_DATA EXCERPT_
------------------------------------------------------------
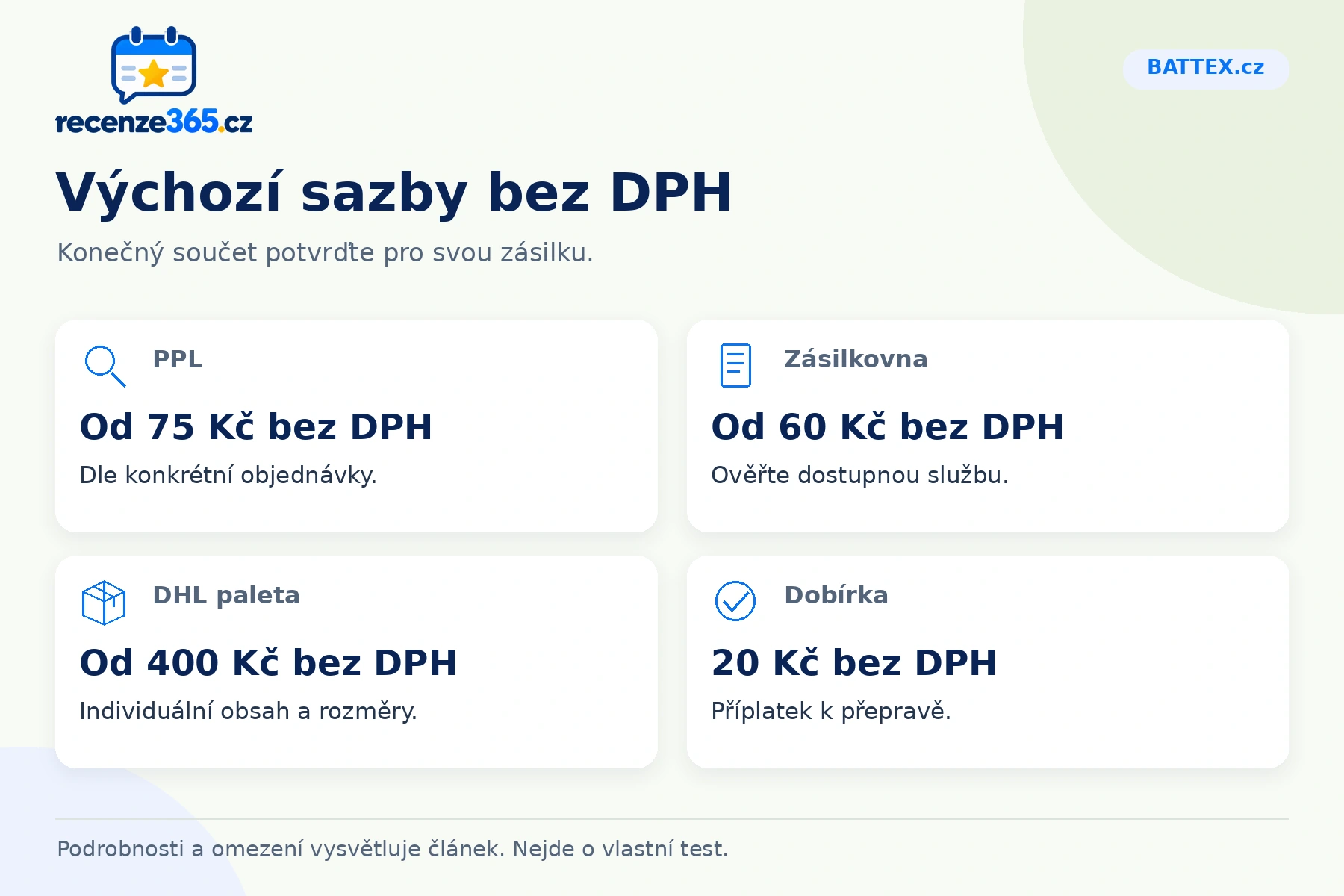 Výchozí sazby bez DPH – přehled čtyř praktických bodů pro BATTEX.cz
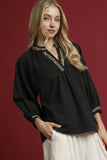 Leopard Trim V-Neck Top | Black
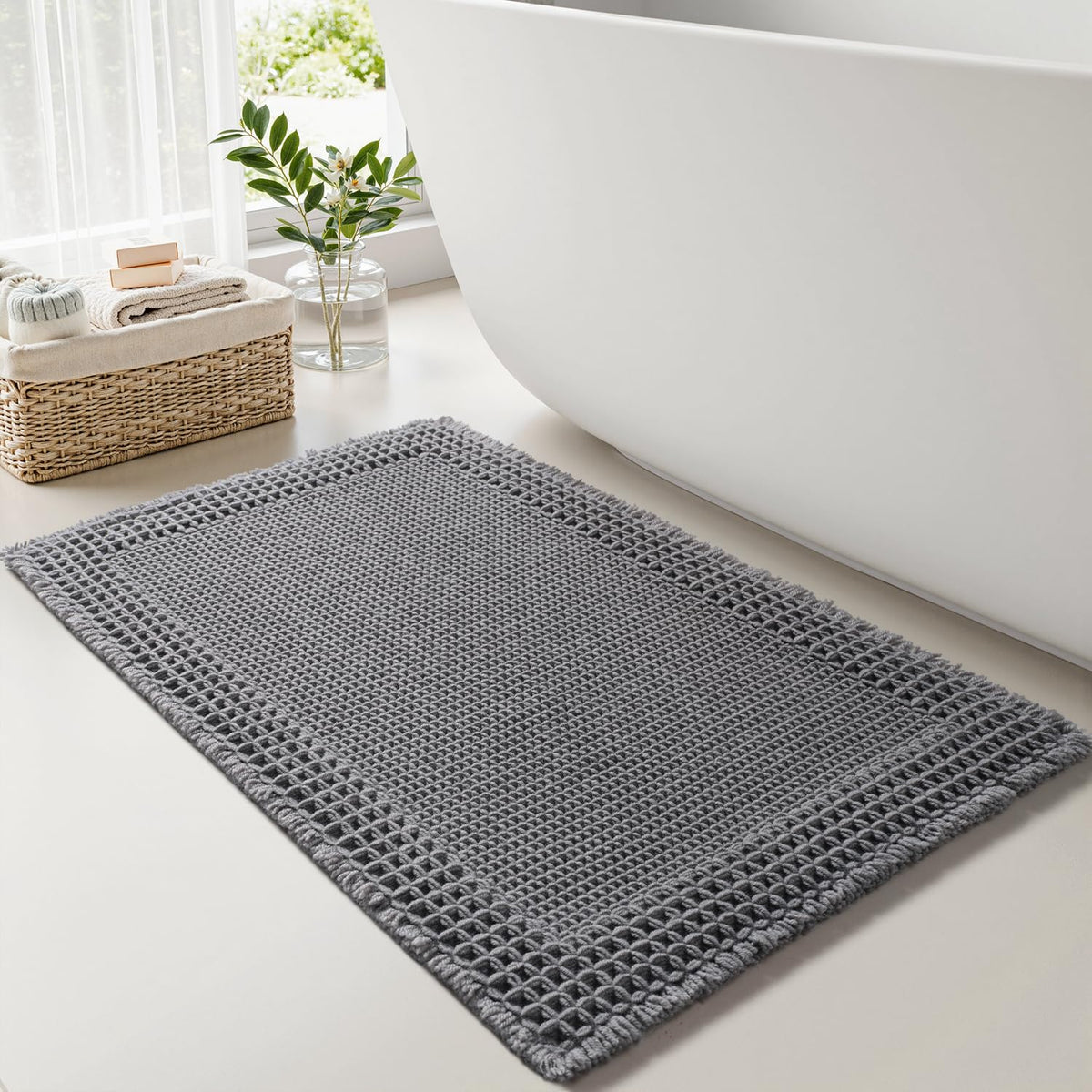 RESARE Waffle Bath Mat for Bathroom, Non Slip Bathroom Rugs 17"x24" Green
------------------------------------------------------------
_WHAT THIS TASK INVOLVES_
Nothing but the lines from the line with "Leopard Trim V-Neck Top | Black" through the end of the listing should appear in the answer, each duplicated exactly, without pictures.

_SOLVED PROBLEM_
 Leopard Trim V-Neck Top | Black
 RESARE Waffle Bath Mat for Bathroom, Non Slip Bathroom Rugs 17"x24" Green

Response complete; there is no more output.